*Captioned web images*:

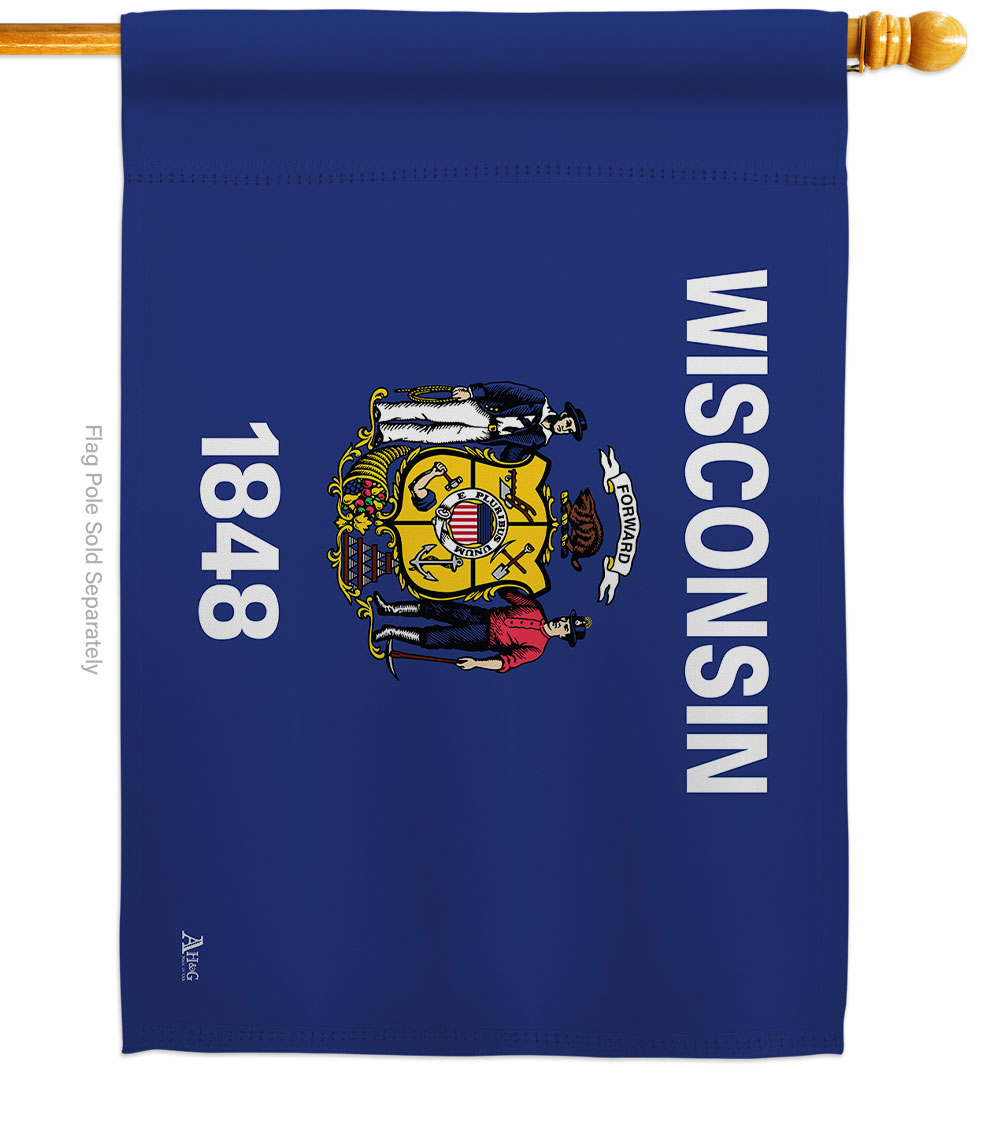 28 x 40 in. Wisconsin American State House Flag with Double-Sided Horizontal Decoration Banner Garden Yard Gift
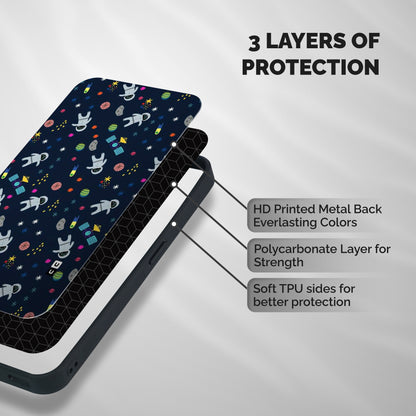 Spaceman Dance Shockproof Hybrid Protection (Metal + TPU) Back Case Cover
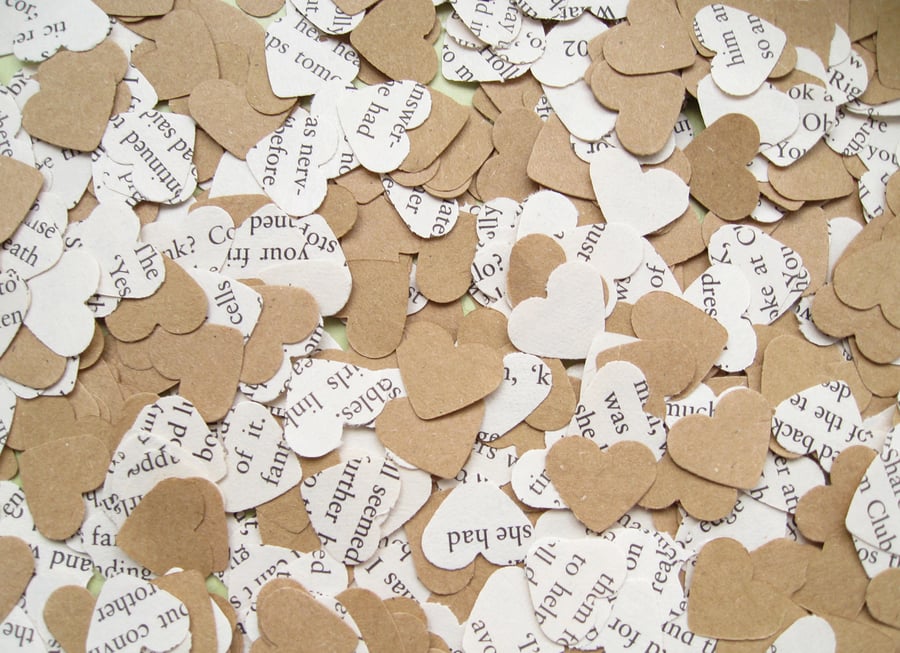 1000 Book Confetti Kraft Paper Hearts - Many book choices - Wedding Decor
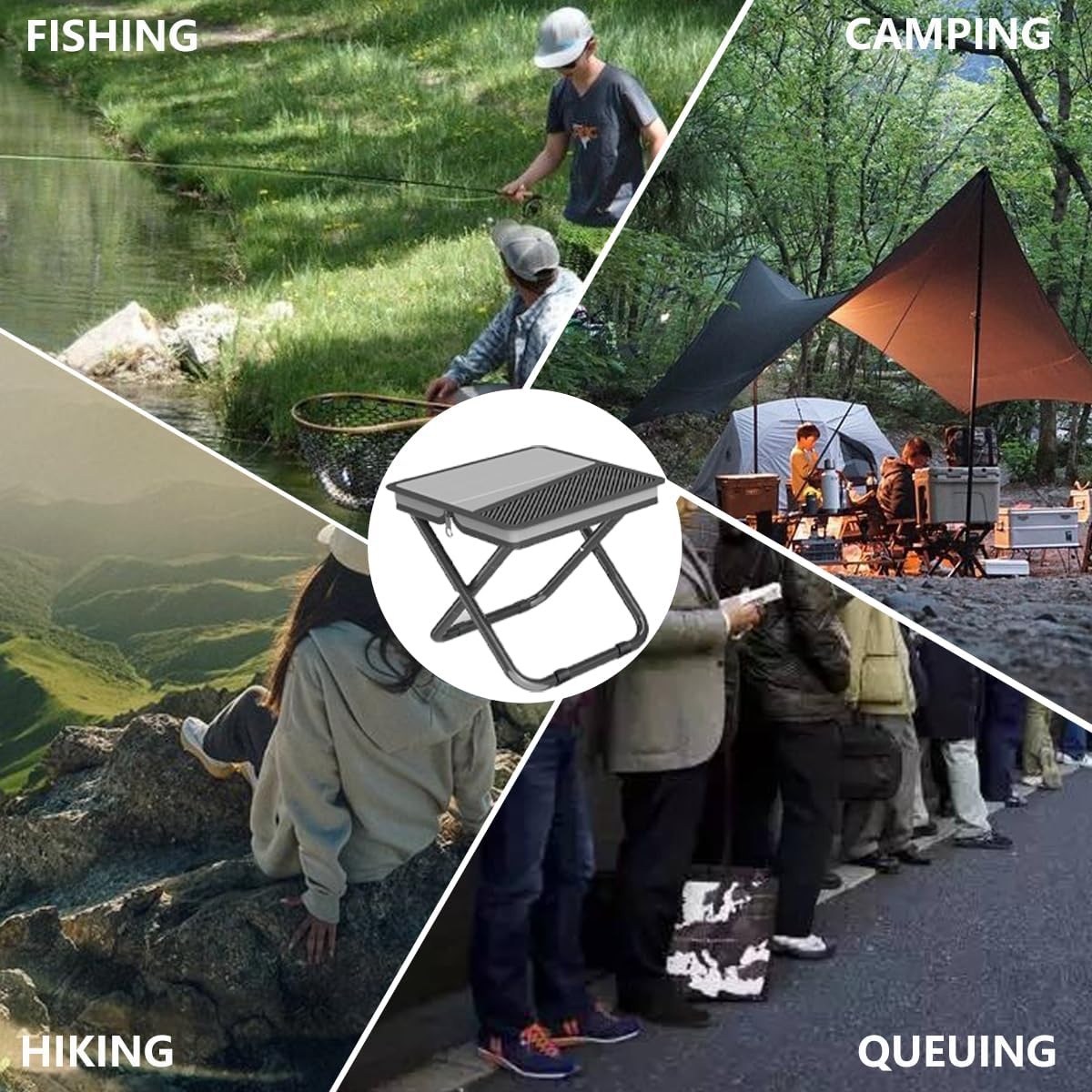 Ultralight Travel Stool - Portable Camping Chair -Folding Handbag-Style Lightweight Camping Stool, Compact Outdoor Seat for Travel, Hiking and More(Grey)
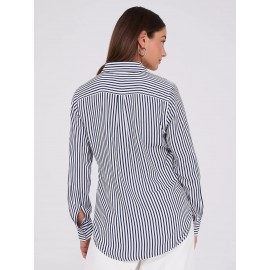 Striped Button-Up V-Neck Blouse
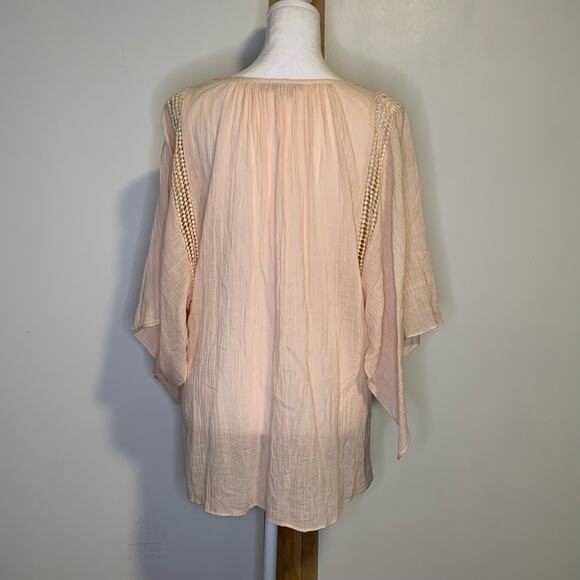 Calypso St. Barth light pink peasant top size S - Picture 5 of 9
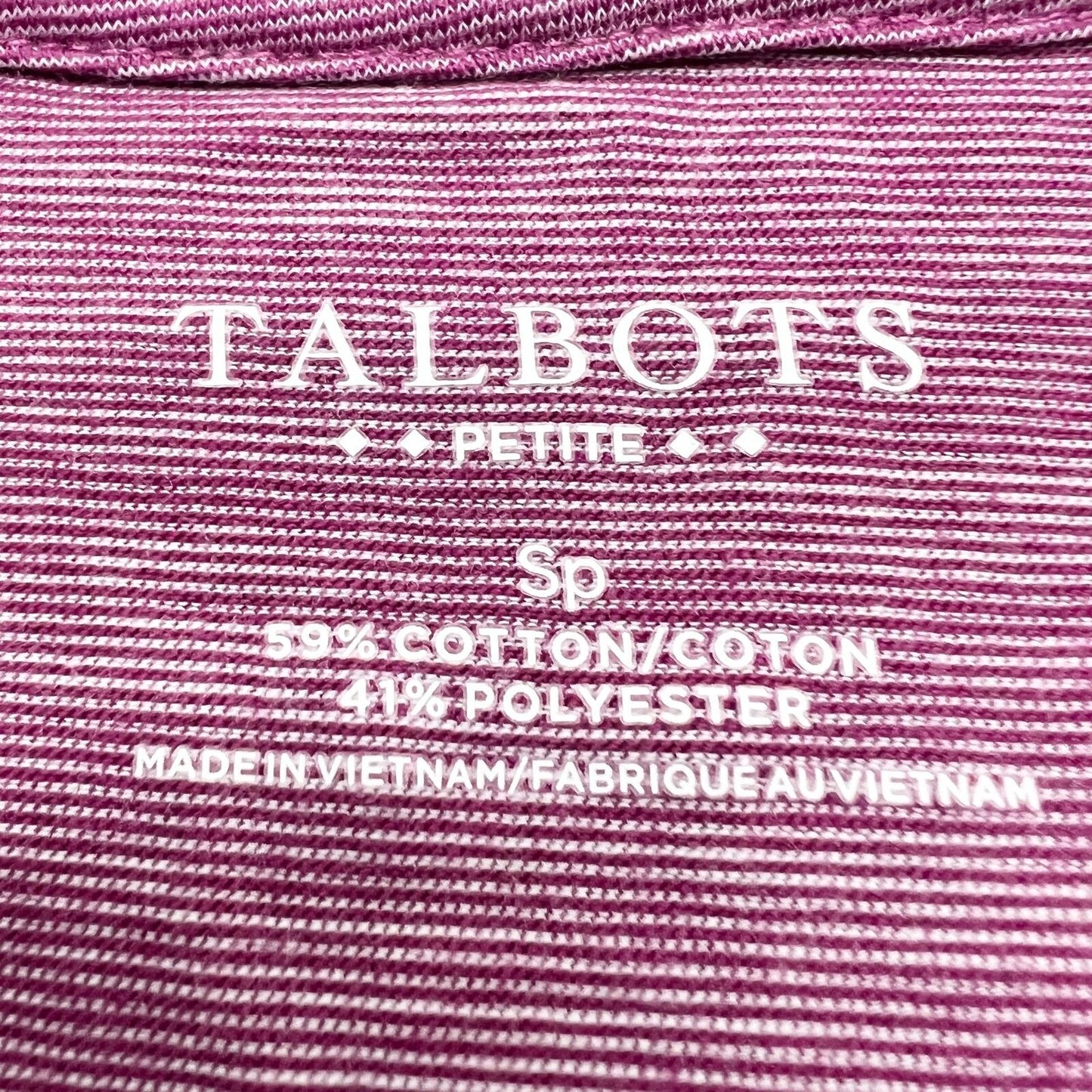 Talbots Petite T-shirt Women's Small Fuchsia Long Sleeves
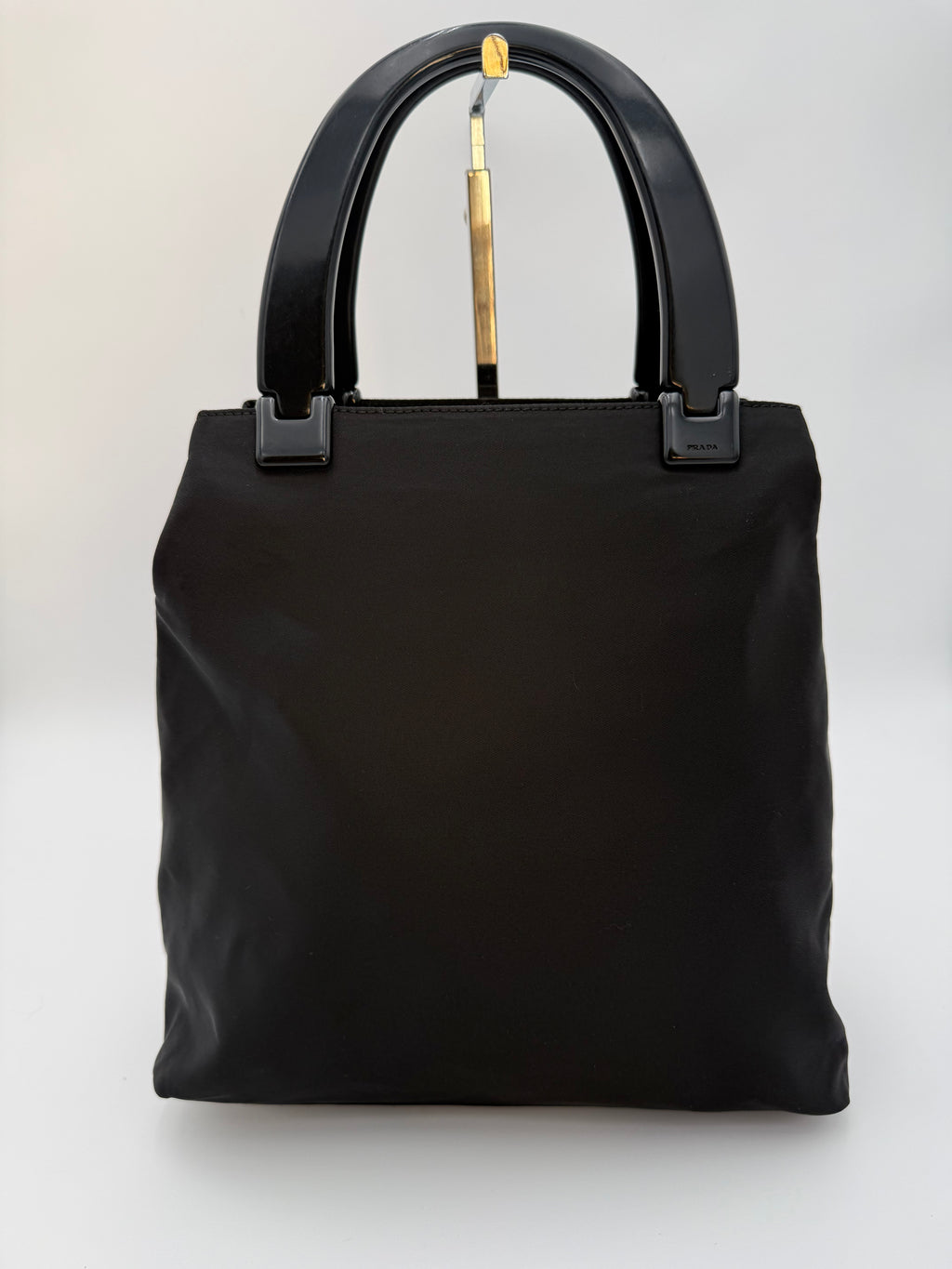 Prada Tote Borsa in Tela e Manici in Plexi Nera - Mercatino di Ninni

*EXERCISE AIM*: Leave the pictures out. Extract exactly the lines running from the one with "Striped Button-Up V-Neck Blouse" through the last entry, both ends included.

*ANSWER FOR THIS EXERCISE*:
 Striped Button-Up V-Neck Blouse
 Calypso St. Barth light pink peasant top size S - Picture 5 of 9
 Talbots Petite T-shirt Women's Small Fuchsia Long Sleeves
 Prada Tote Borsa in Tela e Manici in Plexi Nera - Mercatino di Ninni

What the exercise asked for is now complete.